(Data entries)
*** Block opens ***
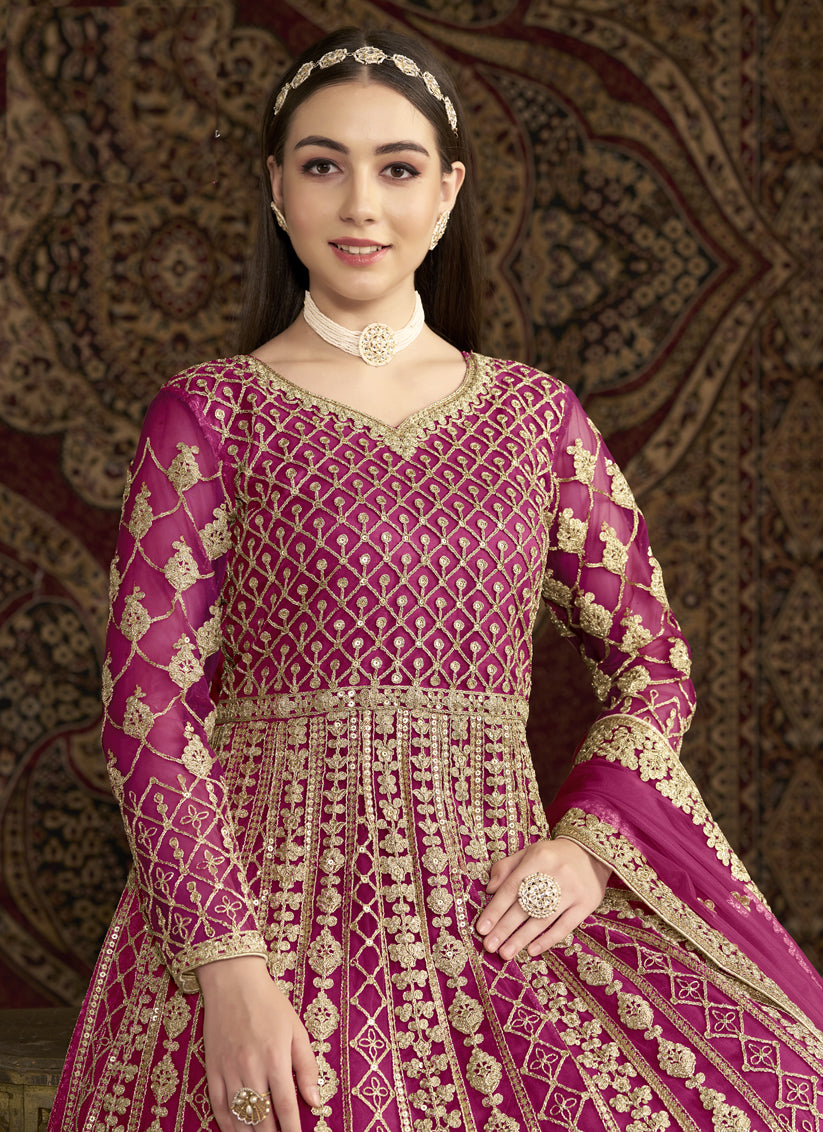 Magenta Havy Embroidered  & Net Anarkali Suit for Festival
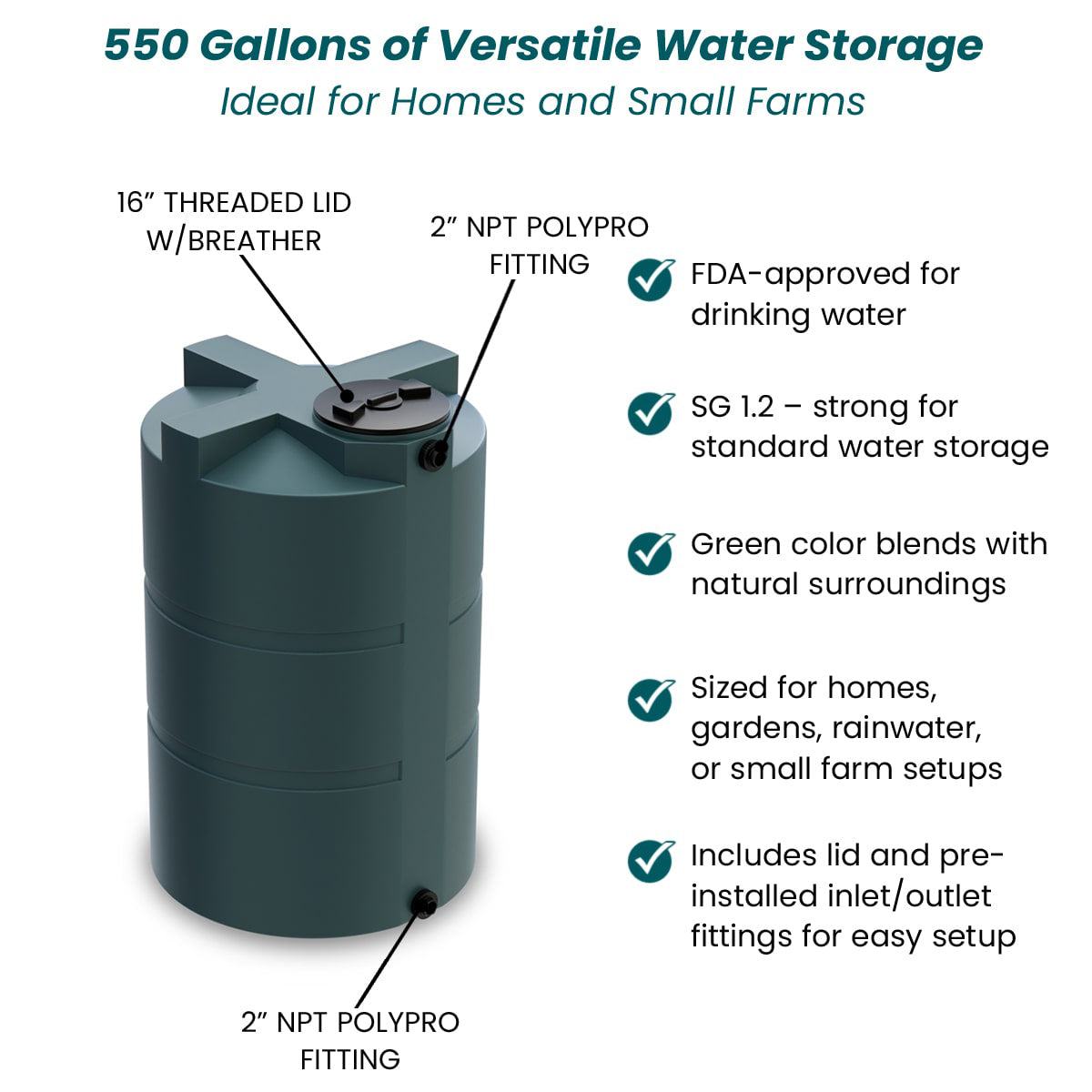 550 Gallon Vertical Water Storage Tank - Green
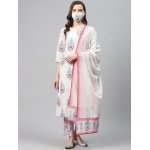 Women White Pink Pure Cotton Printed Kurta Trousers Dupatta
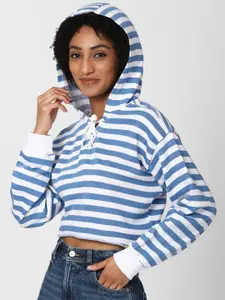 FOREVER 21 Women Blue & White Striped Drop-Shoulder Sleeves Hooded Crop Sweatshirt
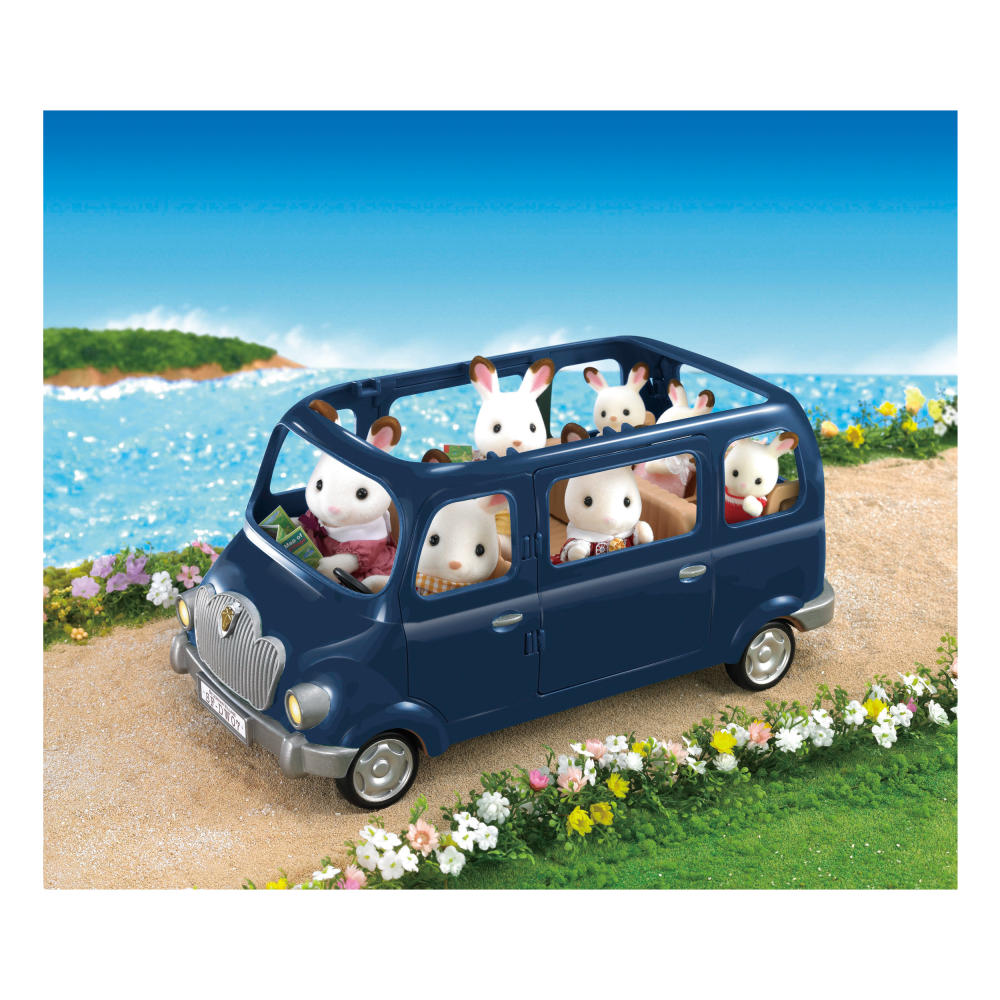 Sylvanian Families Familien-Siebensitzer, Siebensitzer, Familienauto, Reisebus, Auto, Dunkelblau, 2003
*** Block closes ***
Since the copy must exclude the pictures, transcribe only the text of the records, word for word.

● ANSWER SPACE:
 Magenta Havy Embroidered  & Net Anarkali Suit for Festival
 550 Gallon Vertical Water Storage Tank - Green
 Women White Pink Pure Cotton Printed Kurta Trousers Dupatta
 FOREVER 21 Women Blue & White Striped Drop-Shoulder Sleeves Hooded Crop Sweatshirt
 Sylvanian Families Familien-Siebensitzer, Siebensitzer, Familienauto, Reisebus, Auto, Dunkelblau, 2003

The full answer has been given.